STRUCTURAL AND FUNCTIONAL ANNOTATION OF GENOMIC SEQUENCES:ASSIGNMENT OF FOLD FAMILY AND SORTING OF PROTEINS WITH RESPECT TO SUBCELLULAR LOCALIZATION

EISENHABER FRANK1,2BORK PEER1,2HUYNEN MARTIJN1,2ORENGO CHRISTINE3SCHULTZ JORG1,4SUNYAEV SHAMIL R.1YUAN YANPING1,2

1EMBL Heidelberg, Meyerhofstr. 1, D-69012 Heidelberg, Fed. Rep. Germany;

2Max-Delbrueck-Centrum fuer Molekulare Medizin, Robert-Roessle-Str. 10, D-13122   Berlin-Buch, Fed. Rep. Germany;

3University College, Dept. Biochemistry & Molecular Biology, London, U.K.;

4Engelhardt Institute of Molecular Biology, Russian Academy of Sciences, Vavilov Street 32, 117984, Moscow, Russia

Keywords: genomic sequences, proteins, functional annotation, fold assignment, cellular location

As a result of large-scale genomic sequencing, the gene sequences of many proteins are known but their structure and function is hardly understood. The major source of hypothetical information about such uncharacterized proteins is sequence comparison and the extrapolation of annotated information from homologous proteins. The information transfer to query proteins must be done carefully since (1) a similar sequence does not always imply similar protein structure and function and (2) the annotation of database proteins might be incomplete or even wrong. Usually only structural features and molecular functions can be transferred whereas cellular and phenotypic functions should be analyzed in the biological context of the organism considered.

The protein sequence and structure databases are a valuable tool for the prediction of structural features by homology. Iterative homology searches have been used to assign folds to the protein sequences derived from the complete genomes of M. genitalium, E. coli, and M. jannaschii. Protein sequence segments supposed to represent coiled coil and transmembrane regions have been excluded from the analysis. The procedure resulted in fold assignments for at least one globular domain in 30-40% of all proteins of M. genitalium, E. coli, and M. janaschii. Several proteins with multiple domains of known structure have also been identified. The accuracy of this prediction appears 98% as estimated from iterative homology searches for the 685 sequences of a maximal subset of non-homologous proteins extracted from the Brookhaven Protein Data Bank.

For the analysis of genome-phenotype relationships, the retrieval of complete sets of proteins with respect to functional categories, for example subcellular localization, signal transduction cascades, etc. is necessary. Annotations of proteins in databases are generally written for a human reader and use a wide variety in terminology for a detailed description of phenomena.

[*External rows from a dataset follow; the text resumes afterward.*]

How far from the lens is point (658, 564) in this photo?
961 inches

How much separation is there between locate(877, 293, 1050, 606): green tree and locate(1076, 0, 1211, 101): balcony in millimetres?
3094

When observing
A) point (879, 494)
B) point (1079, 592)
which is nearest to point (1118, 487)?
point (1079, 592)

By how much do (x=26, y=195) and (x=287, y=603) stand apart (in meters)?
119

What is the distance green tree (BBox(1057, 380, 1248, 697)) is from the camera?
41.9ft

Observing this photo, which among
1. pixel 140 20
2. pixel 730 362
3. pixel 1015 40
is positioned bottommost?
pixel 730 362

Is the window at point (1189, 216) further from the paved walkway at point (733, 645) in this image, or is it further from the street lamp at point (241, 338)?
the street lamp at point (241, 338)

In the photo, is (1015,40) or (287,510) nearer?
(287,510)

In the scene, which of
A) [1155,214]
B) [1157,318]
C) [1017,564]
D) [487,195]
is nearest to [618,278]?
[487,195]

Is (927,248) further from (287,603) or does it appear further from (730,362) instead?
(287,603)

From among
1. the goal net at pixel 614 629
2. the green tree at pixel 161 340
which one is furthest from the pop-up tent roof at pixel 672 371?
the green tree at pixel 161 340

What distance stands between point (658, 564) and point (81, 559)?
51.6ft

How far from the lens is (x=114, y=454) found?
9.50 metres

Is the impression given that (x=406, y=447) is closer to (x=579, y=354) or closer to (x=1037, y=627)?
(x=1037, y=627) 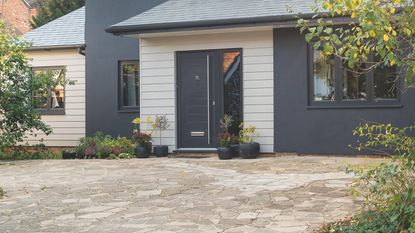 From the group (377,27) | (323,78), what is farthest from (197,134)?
(377,27)

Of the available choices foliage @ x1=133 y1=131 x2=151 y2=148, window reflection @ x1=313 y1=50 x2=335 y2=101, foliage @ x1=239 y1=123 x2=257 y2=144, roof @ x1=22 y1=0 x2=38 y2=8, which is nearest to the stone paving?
foliage @ x1=239 y1=123 x2=257 y2=144

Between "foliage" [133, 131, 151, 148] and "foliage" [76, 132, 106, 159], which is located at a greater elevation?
"foliage" [133, 131, 151, 148]

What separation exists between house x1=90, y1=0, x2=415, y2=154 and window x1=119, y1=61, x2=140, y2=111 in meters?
1.80

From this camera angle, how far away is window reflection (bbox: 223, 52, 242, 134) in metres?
11.6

Therefore, it is difficult to retrieve them with keyword searching engines such as SRS. For example, queries with stems of simple keywords such as “extracell” or “membrane” classify only 22% of all entries in SWISS-PROT, the currently best annotated protein sequence database.

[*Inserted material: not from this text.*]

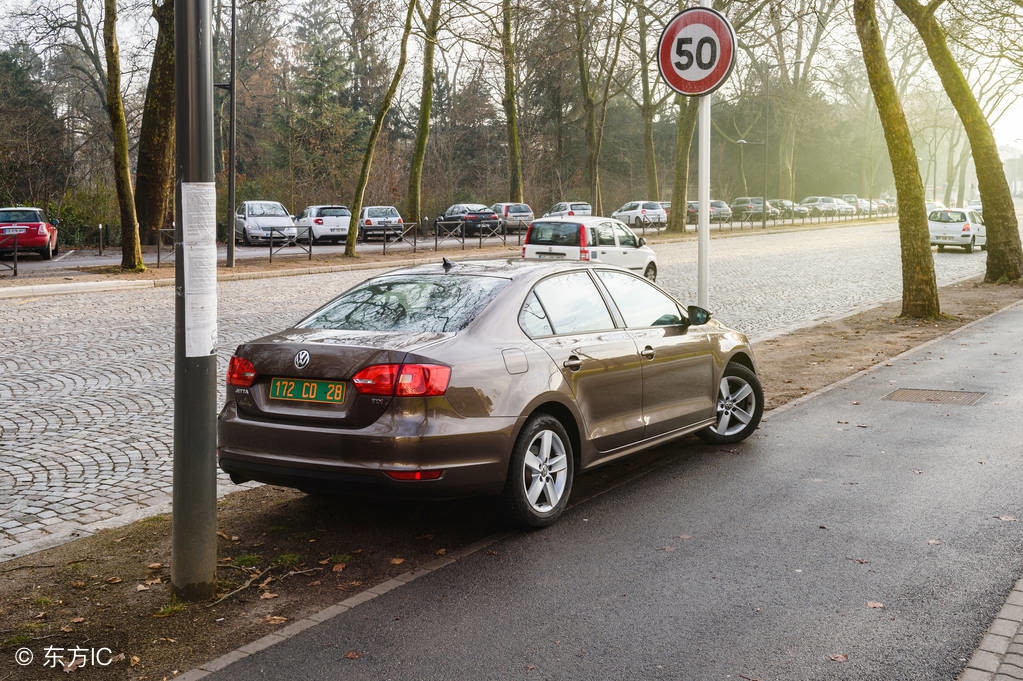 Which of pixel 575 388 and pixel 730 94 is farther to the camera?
pixel 730 94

The introduction of controlled vocabularies and hierarchical functional descriptions are a possible solution for the problem of categorized functional annotation but such systems require permanent efforts for adaption and updates and the subsequent rewriting of the sequence databases. An alternative way as exemplified by the META_A (annotator) software system consists in a computer program able to evaluate the annotation with sets of biological rules encoded in form of regular expressions. Applied to the problem of subcellular localization, it was possible to assign useful cellular location attributes to more than 88% of all SWISS-PROT entries. The overwhelming majority of remaining entries does not have functional annotation at all. An application of the system to the M. genitalium sequences revealed the probable absence of purely extracellular proteins in this organism.

The determination of proteins which are at least partially localized extracellularly just with sequence-analytic methods is of great interest for the identification of protein targets, for example in pharmaceutical applications. A set of alignments of dozens of protein domains has been produced; their identification in protein queries and EST’s can be used as marker for localization. The collection of profiles is also applicable in a sensitive search for domain detection. Many hitherto unannotated domains could be classified in database sequences as a comparison with the output of the META_A program invoked with a set domain-recognition rules revealed. In addition, we found also database entries with probably completely wrong functional annotations. Our results allow also to estimate the number of human proteins with extracellular localization.